Left unsaid is the assumption that since we don't have a professional basketball team, sports fans will jump at the chance to support a group of high school graduates and college dropouts in a third-rate league.
This is the Canadian Football League Syndrome at work again.
When Lonie Glieberman's Pirates looked to come ashore in Norfolk last year, the argument went that since Hampton Roads had no other big-time football presence, we should be grateful for anything and anybody who would bleed red ink in our zip code.
Now that the CFL's American experiment has gone flatter than a three-day-old Molson's, it is obvious that the instincts of Norfolk's city fathers were correct.

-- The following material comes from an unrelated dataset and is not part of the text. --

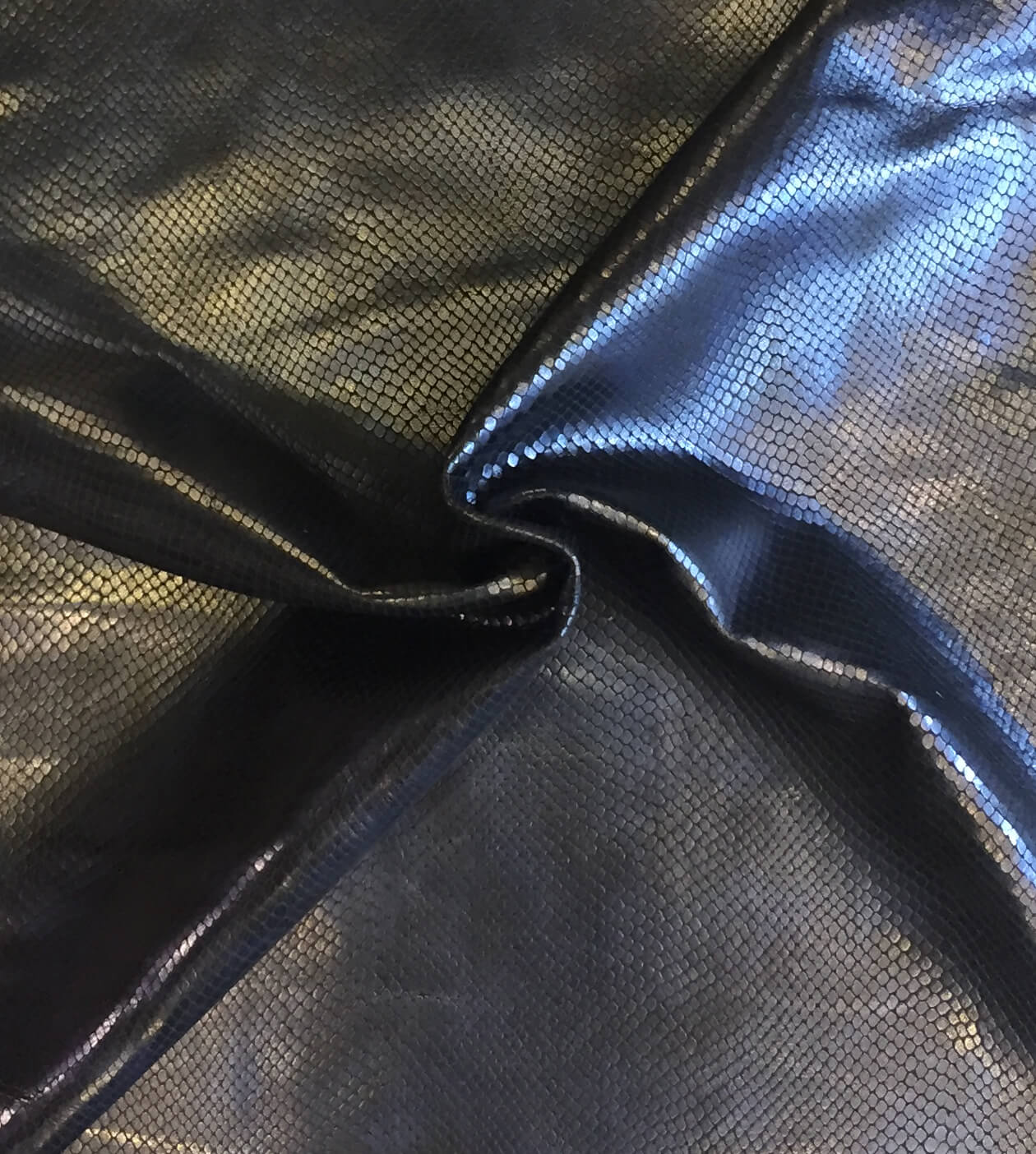 Blue Snakeskin Embossed Leather Hides for Crafts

Even a minor-league sports market must have its standards.
Sometimes it seems as if Hampton Roads, Norfolk especially, is on the sports telemarketing list from Hell. No sooner does Norfolk sit down to dinner than the phone rings. Somebody on the other end wants to peddle a minor-league sport. Would the city be interested?
An indoor soccer team expressed interest in playing at Scope. So did the Continental Basketball Association.

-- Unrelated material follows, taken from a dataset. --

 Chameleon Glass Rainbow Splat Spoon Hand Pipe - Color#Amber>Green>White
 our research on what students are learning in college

Nothing came of the talks. Nothing will develop with the IBL, either. If the league ever did get serious about Norfolk, it would discover that Scope caters first to the Admirals and Old Dominion. The next team would have to settle for leftover dates.
``We'll negotiate with anybody,'' says Bill Luther, director of Scope. ``But there are only so many weekends in a year.''
Scheduling problems are a handy excuse for a city that knows better than to think minor-league basketball is a legitimate draw.

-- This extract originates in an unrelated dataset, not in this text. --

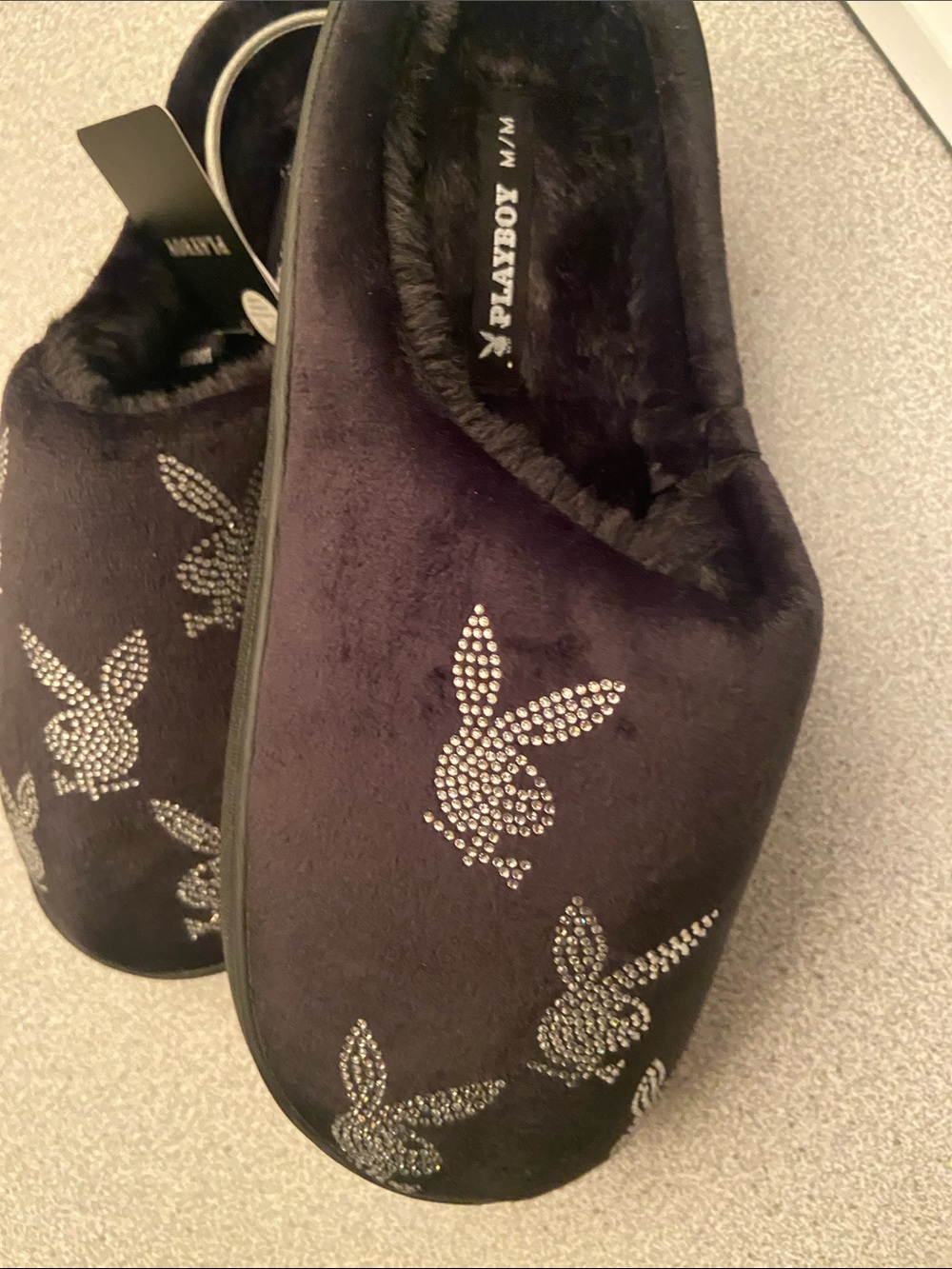 PLAYBOY Black Crystal Bunny Plush Slip-On Slippers - Picture 2 of 2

Meanwhile, Hampton Roads has been spared the responsibility of supporting a team in the new women's American Basketball League. Richmond is home to Virginia's franchise in this fledgling operation.
Few expect the ABL to survive overhead costs or America's stubborn resistance to women's basketball. Richmond is welcome to its experiment.
Meanwhile, minor-league frontmen with more dollars than sense will continue looking at Norfolk.
The prosperity of the Admirals and the healthy crowds drawn to Tides games at Harbor Park cause heads to turn in our direction. Not that anybody here believes the success of the hockey and baseball teams could be repeated by a rag-tag basketball team.
College hoops are more attractive than any league short of the NBA. The ACC. ODU. Norfolk State. We have enough good basketball to be particular about who we invite into our area.
The IBL? Not a chance. Norfolk isn't playing that game. Which is why the city has not initiated contact with the league.
You might think Norfolk is guilty of flights of fancy for entertaining thoughts of building an arena to attract an NBA team. But as long as the dream is alive, it does no good to bring in another winter sport that is sure to founder.
Every team that fails tarnishes the area's image, and leaves behind a residue of ill feeling and bad publicity.
A low-rent basketball franchise in Hampton Roads would not find an audience large enough to justify its existence.
This seems obvious to everyone except the bush-league telemarketers who think they are doing Hampton Roads a favor.